*Your goal*. The following data has a line with "Imagen del bar/restaurante" and a line with "2015-16 Panini Threads". Write out exactly those lines and all the lines between them.

*Records for the exercise*.

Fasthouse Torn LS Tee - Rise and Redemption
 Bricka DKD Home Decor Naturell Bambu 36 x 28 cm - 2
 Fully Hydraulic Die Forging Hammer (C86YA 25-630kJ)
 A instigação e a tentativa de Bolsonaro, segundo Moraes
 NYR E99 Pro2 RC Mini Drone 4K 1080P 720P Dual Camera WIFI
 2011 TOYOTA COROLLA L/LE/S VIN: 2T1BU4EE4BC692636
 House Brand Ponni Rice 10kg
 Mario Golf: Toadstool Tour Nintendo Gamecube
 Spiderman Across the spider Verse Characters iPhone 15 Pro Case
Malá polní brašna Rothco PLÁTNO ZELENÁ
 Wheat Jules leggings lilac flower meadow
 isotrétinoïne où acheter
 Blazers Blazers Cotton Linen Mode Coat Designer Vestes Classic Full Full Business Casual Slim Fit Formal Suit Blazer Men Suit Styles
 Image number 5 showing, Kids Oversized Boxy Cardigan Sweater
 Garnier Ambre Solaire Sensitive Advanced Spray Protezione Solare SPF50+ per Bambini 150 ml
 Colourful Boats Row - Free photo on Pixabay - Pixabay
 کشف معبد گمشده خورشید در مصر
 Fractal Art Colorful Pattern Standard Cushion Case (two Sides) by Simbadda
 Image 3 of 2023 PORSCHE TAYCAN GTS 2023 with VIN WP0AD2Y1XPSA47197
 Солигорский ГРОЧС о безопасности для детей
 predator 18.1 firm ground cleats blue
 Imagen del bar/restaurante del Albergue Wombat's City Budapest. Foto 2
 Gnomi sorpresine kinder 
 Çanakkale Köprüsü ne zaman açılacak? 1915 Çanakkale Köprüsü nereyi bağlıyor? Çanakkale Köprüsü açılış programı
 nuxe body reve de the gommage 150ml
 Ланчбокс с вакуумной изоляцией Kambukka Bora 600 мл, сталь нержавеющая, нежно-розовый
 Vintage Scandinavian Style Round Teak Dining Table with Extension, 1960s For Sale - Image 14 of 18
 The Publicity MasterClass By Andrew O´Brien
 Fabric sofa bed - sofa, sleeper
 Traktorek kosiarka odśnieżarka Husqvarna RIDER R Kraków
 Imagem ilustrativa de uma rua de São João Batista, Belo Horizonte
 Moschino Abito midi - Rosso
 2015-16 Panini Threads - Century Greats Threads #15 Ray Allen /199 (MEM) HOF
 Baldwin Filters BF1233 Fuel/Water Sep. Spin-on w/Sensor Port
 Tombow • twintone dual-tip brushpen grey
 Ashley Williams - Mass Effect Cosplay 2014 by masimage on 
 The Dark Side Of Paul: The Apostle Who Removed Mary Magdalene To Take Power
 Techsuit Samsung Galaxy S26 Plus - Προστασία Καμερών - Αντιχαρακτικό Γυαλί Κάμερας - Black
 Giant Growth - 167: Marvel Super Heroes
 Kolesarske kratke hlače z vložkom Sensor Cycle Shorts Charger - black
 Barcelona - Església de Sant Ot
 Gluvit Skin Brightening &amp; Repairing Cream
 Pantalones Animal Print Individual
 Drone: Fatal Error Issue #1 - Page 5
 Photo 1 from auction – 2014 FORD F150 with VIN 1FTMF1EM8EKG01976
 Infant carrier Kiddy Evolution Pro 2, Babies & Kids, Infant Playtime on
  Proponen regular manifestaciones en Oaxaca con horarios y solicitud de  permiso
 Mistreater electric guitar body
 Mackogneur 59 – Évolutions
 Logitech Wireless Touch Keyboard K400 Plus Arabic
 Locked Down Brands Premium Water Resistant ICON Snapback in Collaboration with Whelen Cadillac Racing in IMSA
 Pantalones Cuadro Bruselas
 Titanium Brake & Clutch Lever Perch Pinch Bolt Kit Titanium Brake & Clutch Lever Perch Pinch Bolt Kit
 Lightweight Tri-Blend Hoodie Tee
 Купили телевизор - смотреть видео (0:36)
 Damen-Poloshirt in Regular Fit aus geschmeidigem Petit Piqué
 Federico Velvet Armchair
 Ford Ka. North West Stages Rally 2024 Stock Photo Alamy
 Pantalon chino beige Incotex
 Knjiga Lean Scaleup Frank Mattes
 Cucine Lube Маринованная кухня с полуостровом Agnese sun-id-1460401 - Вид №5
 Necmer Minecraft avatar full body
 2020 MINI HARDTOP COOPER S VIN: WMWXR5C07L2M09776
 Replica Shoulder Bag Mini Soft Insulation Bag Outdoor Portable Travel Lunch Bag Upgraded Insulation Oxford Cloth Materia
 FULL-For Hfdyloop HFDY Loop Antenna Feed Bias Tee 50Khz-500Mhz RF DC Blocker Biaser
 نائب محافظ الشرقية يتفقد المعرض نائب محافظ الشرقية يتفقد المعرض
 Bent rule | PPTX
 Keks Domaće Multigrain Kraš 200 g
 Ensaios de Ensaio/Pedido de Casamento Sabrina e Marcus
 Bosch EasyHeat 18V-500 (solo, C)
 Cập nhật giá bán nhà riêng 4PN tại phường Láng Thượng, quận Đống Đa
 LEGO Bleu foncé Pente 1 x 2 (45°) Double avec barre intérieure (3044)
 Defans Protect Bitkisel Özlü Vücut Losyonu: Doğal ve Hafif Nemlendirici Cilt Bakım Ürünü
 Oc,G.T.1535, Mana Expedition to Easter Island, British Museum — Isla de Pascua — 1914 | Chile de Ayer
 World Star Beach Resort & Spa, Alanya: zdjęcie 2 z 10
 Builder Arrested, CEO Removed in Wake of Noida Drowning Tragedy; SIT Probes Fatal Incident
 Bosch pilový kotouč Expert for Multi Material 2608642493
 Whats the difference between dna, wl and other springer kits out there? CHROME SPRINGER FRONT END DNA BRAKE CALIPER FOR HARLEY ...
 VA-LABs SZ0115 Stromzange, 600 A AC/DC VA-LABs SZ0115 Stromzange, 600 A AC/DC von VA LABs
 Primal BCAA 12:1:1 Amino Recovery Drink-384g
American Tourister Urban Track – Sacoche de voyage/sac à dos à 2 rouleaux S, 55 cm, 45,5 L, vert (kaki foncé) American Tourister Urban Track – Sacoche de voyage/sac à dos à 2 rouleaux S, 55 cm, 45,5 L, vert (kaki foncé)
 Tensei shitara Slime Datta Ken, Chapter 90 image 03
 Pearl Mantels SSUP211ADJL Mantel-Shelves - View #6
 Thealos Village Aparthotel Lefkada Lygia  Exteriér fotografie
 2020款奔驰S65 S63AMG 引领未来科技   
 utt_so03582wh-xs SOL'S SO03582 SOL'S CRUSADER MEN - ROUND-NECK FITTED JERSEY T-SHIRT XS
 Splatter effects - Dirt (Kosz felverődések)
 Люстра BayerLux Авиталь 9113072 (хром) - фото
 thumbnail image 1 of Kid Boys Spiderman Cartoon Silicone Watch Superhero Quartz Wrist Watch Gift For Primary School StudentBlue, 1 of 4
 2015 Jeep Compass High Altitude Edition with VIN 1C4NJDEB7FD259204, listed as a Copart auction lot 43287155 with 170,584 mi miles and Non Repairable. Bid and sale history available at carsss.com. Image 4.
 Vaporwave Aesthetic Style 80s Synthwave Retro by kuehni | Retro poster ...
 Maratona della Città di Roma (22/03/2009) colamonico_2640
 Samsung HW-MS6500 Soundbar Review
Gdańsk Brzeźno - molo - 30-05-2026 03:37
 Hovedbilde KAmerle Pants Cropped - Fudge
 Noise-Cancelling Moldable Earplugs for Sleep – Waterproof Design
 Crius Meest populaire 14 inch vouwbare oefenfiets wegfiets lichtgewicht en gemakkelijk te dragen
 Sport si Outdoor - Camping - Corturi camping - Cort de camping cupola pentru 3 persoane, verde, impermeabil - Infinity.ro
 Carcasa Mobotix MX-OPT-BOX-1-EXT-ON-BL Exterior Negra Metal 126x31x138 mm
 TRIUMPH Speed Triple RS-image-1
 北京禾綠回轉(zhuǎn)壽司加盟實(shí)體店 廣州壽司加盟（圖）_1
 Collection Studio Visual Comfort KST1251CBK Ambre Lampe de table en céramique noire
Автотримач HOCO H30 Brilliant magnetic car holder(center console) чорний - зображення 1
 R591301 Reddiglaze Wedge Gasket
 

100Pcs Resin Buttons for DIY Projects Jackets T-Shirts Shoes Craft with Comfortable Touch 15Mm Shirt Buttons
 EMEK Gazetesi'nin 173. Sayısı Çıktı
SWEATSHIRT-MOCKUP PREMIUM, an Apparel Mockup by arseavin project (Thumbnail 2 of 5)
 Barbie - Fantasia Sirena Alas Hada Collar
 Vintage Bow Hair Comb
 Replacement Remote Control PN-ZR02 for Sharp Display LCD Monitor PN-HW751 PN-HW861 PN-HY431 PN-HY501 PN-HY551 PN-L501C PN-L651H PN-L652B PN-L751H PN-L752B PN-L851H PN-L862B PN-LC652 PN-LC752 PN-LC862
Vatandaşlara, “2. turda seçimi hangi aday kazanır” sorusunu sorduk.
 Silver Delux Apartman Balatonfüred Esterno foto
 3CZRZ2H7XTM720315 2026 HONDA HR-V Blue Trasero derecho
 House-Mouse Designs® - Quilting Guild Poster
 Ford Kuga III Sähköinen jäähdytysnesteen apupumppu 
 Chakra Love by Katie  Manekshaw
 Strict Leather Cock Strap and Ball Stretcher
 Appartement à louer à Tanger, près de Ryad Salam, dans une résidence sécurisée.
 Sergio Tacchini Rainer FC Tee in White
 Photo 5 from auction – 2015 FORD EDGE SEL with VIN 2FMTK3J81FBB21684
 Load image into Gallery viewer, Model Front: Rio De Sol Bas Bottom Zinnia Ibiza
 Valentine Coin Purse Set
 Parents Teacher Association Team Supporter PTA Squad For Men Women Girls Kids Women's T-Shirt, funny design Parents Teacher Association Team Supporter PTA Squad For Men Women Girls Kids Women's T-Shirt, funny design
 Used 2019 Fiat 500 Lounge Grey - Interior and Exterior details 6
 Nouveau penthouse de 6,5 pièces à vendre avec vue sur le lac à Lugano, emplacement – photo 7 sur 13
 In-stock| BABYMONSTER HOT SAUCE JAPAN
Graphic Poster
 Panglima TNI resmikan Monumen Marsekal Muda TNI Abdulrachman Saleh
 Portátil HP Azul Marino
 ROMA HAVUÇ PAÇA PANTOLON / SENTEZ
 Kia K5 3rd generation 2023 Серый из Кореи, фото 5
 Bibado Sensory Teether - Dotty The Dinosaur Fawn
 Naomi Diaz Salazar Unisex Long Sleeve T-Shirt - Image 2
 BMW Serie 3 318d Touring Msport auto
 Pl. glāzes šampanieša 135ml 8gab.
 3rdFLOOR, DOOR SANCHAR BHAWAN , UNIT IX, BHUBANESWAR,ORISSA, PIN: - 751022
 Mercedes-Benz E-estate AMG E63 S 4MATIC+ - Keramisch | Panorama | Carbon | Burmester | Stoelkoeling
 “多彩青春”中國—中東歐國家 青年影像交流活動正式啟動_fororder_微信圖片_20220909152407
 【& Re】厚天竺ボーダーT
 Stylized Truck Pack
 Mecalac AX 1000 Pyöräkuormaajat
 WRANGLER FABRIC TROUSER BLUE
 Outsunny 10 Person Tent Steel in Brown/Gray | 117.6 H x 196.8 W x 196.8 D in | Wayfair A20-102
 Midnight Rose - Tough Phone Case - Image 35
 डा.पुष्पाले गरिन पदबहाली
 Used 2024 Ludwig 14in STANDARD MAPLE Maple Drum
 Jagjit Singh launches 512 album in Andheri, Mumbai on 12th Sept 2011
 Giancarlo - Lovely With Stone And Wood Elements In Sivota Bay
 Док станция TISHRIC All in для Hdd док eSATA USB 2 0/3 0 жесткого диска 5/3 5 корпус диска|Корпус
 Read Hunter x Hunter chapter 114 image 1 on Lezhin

*Worked solution*.
 Imagen del bar/restaurante del Albergue Wombat's City Budapest. Foto 2
 Gnomi sorpresine kinder 
 Çanakkale Köprüsü ne zaman açılacak? 1915 Çanakkale Köprüsü nereyi bağlıyor? Çanakkale Köprüsü açılış programı
 nuxe body reve de the gommage 150ml
 Ланчбокс с вакуумной изоляцией Kambukka Bora 600 мл, сталь нержавеющая, нежно-розовый
 Vintage Scandinavian Style Round Teak Dining Table with Extension, 1960s For Sale - Image 14 of 18
 The Publicity MasterClass By Andrew O´Brien
 Fabric sofa bed - sofa, sleeper
 Traktorek kosiarka odśnieżarka Husqvarna RIDER R Kraków
 Imagem ilustrativa de uma rua de São João Batista, Belo Horizonte
 Moschino Abito midi - Rosso
 2015-16 Panini Threads - Century Greats Threads #15 Ray Allen /199 (MEM) HOF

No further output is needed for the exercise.